A gente se acostuma a tudo: das costas, que só se veem através do espelho, até os cotovelos enrugados. Nunca vi a raiz do meu cabelo, nem a nuca, mas me sei em crespidão e arrepios quando em contato com o além de mim. Miasmas. Sempre quis me beijar as vísceras, mas eu só senti, batendo-me por dentro, ardendo-me o suco gástrico pelas paredes do estômago. Basta estar vivo e imaginar um mundo sem muros dentro de nós, vermelhidão-tijolo. Ter um coração já basta para sabermos quais são as dores, umas mais suportáveis que outras. Nos outros parece admissível, admirável. Louvamos a paixão de um Cristo sem sermos pregos à cruz. Desnecessário. Mas só enquanto não se perde um ente, um algo. Após nos deixarem de mão, sabemos que nada nos pertence nessa existência, nem os pensamentos - somas sobrecarregadas de outras mentalidades, conceitos pré-fabricados; nem os nossos corpos - carnes frágeis, vestimentas fáceis de se perder, quebrar em ossos, arrancar feito palavras de nossas bocas. É tempo da descasca!

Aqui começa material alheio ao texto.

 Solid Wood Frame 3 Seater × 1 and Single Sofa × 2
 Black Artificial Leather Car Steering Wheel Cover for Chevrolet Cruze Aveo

O gari convive com o lixo e, depois de certo tempo, as recepções nervosas de seu cérebro obediente convencem-no a não sentir mais o cheiro. O degustador de vinhos ou sommelier requer grãos de café para despistar outros aromas das viciadas narinas. Assim, surgem as doses que se devem aumentar, para que o organismo não crie resistência, alargue-se, tome ar. E Game Over. Over and over again. Ninguém quer perder. Nosso instinto de cachorro cria expectativa ante o passeio e a comida; se não tiver, haja choro. Primitivos tão altivos somos quando batemos o pé, exigimos, enxugamos o gelo e descontrolamos na hora em que falta o ouro, o outro, porque quase sempre não se quer sem; só, tampouco.
É segredo ainda para muitos, mas tudo o que almejamos está dentro do si, sem nomes. O processo é lento e silencioso, composto por mais não do que sim. Experimente não falar por algumas horas, calar também os sentimentos daninhos, as ondas sonoras do interior, não beber por vários dias, não fumar, sublimar o sexo, a carne, a mente em burburinho. Jejuar dos prazeres para alcançar a unidade. A iluminação é como semente. Planta, rega, regra e deixa secar ao sol. Sozinha. Respira verdadeiramente com todos os poros, enquanto caminha. Sinta a barriga elevar e contrair, inspire paz, expire o medo, inspire amor, expire a raiva, inspire alegria, expire consternação. O nada em absoluto é a meta. A seta é o dedo indicador da Verdade. Passado é mindinho.